> Brief descriptive captions:
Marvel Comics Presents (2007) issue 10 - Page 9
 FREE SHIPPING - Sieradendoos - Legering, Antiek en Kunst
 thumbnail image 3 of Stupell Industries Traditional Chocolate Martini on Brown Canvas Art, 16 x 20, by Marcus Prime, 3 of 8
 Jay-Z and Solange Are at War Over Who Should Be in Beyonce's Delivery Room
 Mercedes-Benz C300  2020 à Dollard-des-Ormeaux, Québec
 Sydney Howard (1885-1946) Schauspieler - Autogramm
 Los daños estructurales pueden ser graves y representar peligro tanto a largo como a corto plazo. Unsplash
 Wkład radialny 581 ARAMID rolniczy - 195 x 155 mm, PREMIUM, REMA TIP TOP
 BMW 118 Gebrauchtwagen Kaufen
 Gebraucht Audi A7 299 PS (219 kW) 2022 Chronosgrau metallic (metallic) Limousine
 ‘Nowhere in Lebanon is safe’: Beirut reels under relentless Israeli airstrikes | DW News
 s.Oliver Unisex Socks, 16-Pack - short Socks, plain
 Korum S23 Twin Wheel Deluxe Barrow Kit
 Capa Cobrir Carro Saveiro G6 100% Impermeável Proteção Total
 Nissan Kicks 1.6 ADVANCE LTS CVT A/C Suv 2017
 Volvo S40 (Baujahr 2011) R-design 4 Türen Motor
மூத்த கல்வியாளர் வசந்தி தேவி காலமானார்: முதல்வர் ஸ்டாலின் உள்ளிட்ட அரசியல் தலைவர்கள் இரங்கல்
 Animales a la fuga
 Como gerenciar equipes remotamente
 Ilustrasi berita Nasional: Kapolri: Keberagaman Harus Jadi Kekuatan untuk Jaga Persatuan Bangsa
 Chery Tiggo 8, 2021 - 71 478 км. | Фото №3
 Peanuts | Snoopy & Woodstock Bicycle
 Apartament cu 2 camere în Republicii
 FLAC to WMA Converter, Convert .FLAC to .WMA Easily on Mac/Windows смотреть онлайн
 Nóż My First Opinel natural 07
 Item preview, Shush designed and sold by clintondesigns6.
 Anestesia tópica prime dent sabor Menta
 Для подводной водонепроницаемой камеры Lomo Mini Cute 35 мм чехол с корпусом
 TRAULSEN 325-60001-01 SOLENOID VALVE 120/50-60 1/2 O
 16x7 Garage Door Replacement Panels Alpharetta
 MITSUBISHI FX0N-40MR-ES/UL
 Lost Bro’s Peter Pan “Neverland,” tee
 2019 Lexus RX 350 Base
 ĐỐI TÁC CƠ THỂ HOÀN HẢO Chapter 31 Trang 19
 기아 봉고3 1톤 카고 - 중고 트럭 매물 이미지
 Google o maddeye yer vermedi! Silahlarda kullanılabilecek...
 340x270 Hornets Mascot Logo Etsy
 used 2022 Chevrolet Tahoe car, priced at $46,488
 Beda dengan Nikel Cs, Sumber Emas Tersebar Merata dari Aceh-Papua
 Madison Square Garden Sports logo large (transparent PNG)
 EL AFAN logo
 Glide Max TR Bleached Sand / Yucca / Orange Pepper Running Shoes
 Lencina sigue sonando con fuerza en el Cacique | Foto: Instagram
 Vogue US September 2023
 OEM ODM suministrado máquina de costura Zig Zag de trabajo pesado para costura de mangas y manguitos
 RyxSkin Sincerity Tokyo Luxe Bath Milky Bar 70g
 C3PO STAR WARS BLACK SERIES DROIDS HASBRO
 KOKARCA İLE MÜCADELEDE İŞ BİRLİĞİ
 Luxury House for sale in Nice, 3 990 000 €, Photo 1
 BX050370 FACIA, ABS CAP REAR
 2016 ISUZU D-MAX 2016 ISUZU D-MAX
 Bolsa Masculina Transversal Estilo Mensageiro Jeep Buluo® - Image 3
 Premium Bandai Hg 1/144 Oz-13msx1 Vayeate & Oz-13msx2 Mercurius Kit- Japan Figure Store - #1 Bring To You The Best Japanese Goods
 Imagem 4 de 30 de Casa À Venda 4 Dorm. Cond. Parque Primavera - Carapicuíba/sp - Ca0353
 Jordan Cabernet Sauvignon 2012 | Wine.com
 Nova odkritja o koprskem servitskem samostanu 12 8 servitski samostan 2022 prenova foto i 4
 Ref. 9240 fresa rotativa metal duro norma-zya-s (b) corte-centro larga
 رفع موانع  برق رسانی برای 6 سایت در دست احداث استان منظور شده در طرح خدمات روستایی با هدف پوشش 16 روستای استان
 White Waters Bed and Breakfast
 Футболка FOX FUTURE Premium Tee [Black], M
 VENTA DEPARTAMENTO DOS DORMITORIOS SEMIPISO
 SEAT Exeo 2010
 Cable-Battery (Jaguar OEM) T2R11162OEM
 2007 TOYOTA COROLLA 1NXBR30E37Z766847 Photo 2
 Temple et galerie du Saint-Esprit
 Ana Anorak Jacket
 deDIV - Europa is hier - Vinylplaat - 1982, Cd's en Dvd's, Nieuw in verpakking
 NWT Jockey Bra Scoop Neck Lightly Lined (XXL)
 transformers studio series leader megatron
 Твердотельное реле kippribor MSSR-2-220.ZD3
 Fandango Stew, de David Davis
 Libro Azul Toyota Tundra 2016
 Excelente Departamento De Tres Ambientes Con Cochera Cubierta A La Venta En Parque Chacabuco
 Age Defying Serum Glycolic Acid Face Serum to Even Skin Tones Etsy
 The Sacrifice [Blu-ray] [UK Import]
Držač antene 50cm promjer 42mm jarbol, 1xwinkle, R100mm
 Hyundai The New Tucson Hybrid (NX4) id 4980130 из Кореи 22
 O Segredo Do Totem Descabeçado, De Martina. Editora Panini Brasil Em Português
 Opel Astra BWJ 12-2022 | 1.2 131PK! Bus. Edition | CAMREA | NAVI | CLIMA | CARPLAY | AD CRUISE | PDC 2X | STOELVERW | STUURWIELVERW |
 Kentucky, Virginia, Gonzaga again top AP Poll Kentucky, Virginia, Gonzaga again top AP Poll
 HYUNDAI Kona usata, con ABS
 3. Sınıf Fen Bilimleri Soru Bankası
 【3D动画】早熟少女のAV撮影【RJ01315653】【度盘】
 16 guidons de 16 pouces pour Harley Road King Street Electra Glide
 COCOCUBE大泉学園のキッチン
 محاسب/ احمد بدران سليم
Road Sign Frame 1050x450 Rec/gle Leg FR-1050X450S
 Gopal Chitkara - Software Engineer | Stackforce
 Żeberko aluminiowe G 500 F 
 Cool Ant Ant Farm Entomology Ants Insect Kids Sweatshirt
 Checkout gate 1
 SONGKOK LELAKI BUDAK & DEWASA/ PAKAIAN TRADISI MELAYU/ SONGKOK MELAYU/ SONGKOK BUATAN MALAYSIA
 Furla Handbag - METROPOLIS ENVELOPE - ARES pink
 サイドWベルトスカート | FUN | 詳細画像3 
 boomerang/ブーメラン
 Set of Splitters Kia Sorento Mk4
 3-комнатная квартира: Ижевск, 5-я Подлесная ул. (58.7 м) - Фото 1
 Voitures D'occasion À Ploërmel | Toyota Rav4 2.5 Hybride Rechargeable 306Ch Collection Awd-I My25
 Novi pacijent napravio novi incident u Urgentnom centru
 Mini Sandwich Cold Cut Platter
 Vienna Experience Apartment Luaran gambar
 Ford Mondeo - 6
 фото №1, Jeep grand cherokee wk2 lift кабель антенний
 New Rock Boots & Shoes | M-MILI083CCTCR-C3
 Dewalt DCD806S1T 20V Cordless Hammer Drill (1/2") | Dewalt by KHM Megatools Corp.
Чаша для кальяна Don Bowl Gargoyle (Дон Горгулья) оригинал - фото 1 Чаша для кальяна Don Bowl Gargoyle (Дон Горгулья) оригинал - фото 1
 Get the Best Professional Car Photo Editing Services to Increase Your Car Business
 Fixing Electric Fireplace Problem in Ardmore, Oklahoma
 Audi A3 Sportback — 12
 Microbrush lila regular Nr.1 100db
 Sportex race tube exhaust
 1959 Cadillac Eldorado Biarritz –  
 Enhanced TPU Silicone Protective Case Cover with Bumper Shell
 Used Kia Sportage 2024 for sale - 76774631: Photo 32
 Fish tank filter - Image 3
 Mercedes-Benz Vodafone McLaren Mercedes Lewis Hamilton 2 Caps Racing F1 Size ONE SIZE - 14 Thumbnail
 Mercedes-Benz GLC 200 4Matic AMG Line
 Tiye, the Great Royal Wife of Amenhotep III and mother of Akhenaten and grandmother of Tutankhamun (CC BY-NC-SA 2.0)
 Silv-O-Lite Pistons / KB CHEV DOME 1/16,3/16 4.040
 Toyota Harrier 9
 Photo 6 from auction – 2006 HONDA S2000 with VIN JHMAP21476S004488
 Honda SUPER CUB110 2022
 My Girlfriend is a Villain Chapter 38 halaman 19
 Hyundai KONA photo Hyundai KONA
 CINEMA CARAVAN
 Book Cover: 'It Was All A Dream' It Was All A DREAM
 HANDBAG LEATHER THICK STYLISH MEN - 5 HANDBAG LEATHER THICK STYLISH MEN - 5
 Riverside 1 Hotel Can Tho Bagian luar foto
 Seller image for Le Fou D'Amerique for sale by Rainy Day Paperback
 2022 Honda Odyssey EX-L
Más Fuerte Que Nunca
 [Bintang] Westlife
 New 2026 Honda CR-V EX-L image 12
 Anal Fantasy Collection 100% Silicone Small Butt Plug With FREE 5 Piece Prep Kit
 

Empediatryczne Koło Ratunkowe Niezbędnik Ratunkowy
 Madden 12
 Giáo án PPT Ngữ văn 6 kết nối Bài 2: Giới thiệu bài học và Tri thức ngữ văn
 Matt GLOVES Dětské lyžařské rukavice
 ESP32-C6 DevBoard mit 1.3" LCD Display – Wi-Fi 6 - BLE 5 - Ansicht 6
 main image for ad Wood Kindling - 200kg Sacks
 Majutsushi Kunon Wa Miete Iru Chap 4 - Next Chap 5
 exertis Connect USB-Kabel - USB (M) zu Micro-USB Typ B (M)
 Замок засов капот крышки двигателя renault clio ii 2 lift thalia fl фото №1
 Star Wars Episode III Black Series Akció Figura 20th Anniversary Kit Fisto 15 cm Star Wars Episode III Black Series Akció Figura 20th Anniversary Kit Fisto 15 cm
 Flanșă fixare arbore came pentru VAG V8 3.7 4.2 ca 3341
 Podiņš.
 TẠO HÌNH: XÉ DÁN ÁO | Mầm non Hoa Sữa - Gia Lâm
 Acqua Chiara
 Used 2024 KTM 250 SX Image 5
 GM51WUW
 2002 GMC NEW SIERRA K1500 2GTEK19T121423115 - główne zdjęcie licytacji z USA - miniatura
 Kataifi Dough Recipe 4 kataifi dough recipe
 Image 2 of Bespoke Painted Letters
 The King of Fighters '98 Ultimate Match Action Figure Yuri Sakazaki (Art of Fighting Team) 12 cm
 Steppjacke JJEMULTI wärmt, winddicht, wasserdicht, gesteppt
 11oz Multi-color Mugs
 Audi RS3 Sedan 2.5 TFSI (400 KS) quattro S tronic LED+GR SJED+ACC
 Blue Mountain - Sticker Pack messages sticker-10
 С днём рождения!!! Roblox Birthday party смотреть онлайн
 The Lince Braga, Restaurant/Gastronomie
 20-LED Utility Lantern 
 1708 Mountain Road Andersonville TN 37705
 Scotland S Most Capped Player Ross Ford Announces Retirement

> Your assignment:
The answer is the lines above between the line holding "Żeberko aluminiowe G 500 F" and the line holding "Furla Handbag - METROPOLIS", inclusive, each written out exactly, and no others.

> Answer for the task:
 Żeberko aluminiowe G 500 F 
 Cool Ant Ant Farm Entomology Ants Insect Kids Sweatshirt
 Checkout gate 1
 SONGKOK LELAKI BUDAK & DEWASA/ PAKAIAN TRADISI MELAYU/ SONGKOK MELAYU/ SONGKOK BUATAN MALAYSIA
 Furla Handbag - METROPOLIS ENVELOPE - ARES pink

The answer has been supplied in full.